It’s OK to Cry
Someone I know posted on his Facebook feed this morning that today is October 78, 2023, which is exactly how these past few months have felt to me and perhaps to you.It feels like October 7, 2023 was so long ago and since then the world has changed for all of us in incalculable ways.
In Parshat Vayigash the emotions that Joseph had internalized for so many years emerge as loud weeping when he talks to his brother Yehudah about his father and younger brother, Benjamin. At this moment Joseph cries out and bursts into loud crying. Who knows what was in Joseph’s heart at this moment? Deeply buried memories of his childhood, which left him scarred for years? Memories of his father and his younger brother? Memories of deception and cruelty? Or perhaps it was as Joseph believed, that God had indeed placed him in Egypt for a reason.

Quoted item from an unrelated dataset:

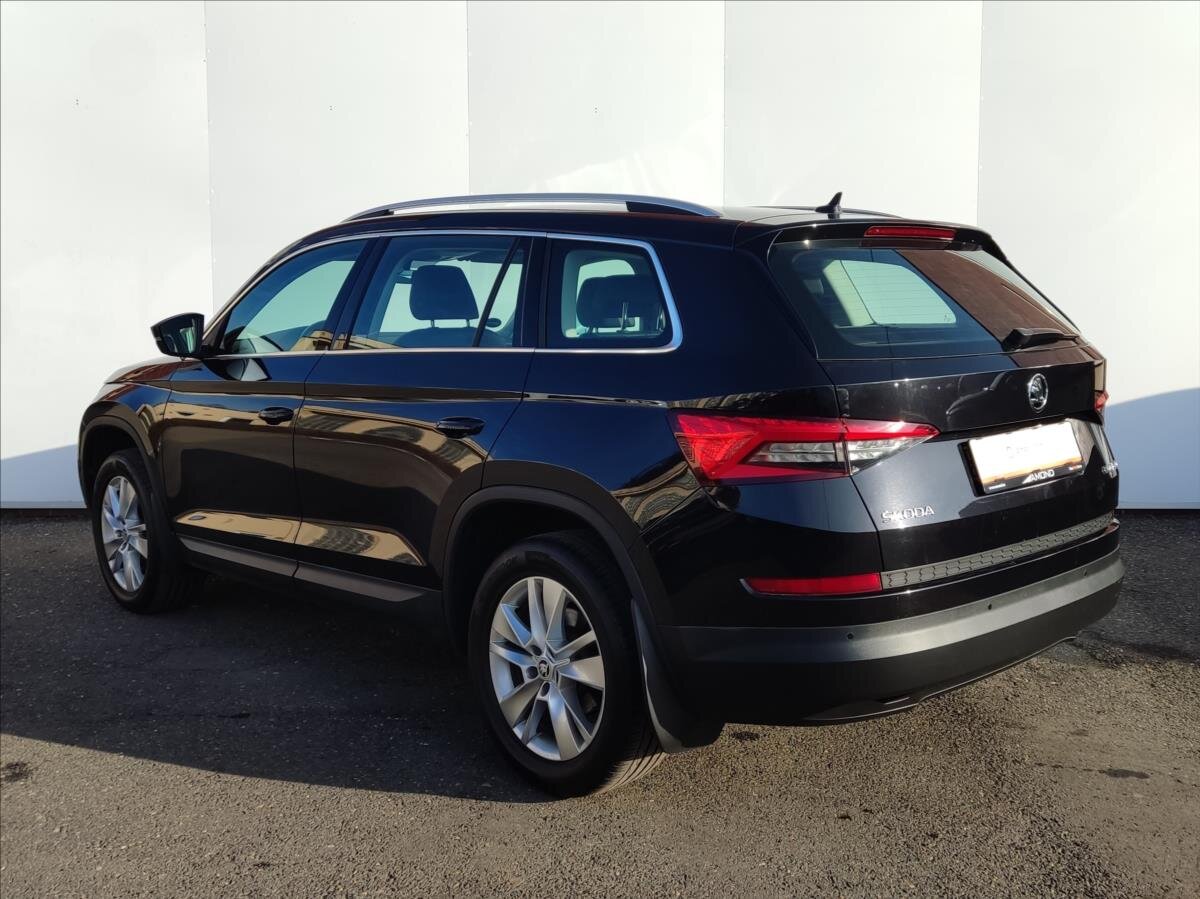 Škoda Kodiaq SUV 1,4 l 92 kw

We weep when words no longer work.
I see a parallel to Yosef weeping in the current situation. The emotions in Israel and in the Diaspora have been overwhelming since the 7th of October. We can sometimes only weep to release the emotions which we carry so heavy inside. Joseph, it is ok to cry and is ok for us to cry, too. Some of us may consider it a weakness to shed tears, but in times of overwhelming emotion, tears are the soothing balm we all need.
It’s OK to Cry
It’s ok to cry
when words fail
and emotions run deep.
When the walls are too high
and expectations are impossible.
It’s ok to cry when that forever moment finally arrives.

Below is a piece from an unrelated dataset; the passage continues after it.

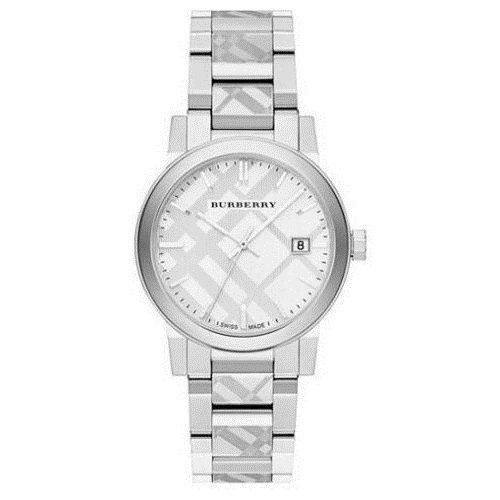 バーバリー/Burberry/時計/THE CITY/メンズ/スイスメイド/BU9037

Tears of joy and of sorrow.
A thousand hurts, each a tiny spear;
a thousand words cannot equal a single tear.
It’s ok to cry, for lost moments that are mourned
and people who seem forever away.
We weep for the missing.
For fathers, mothers, daughters and sons.
Those we know and those we don’t.
Cry when you are finally reunited
or when it feels like you will never meet again.
It’s ok to cry.
___________________________
Joseph could no longer control himself before all his attendants, and he cried out, “Have everyone withdraw from me!” So there was no one else about when Joseph made himself known to his brothers. His sobs were so loud that the Egyptians could hear, and so the news reached Pharaoh’s palace. Joseph said to his brothers, “I am Joseph. Is my father still well?” But his brothers could not answer him, so dumbfounded were they on account of him.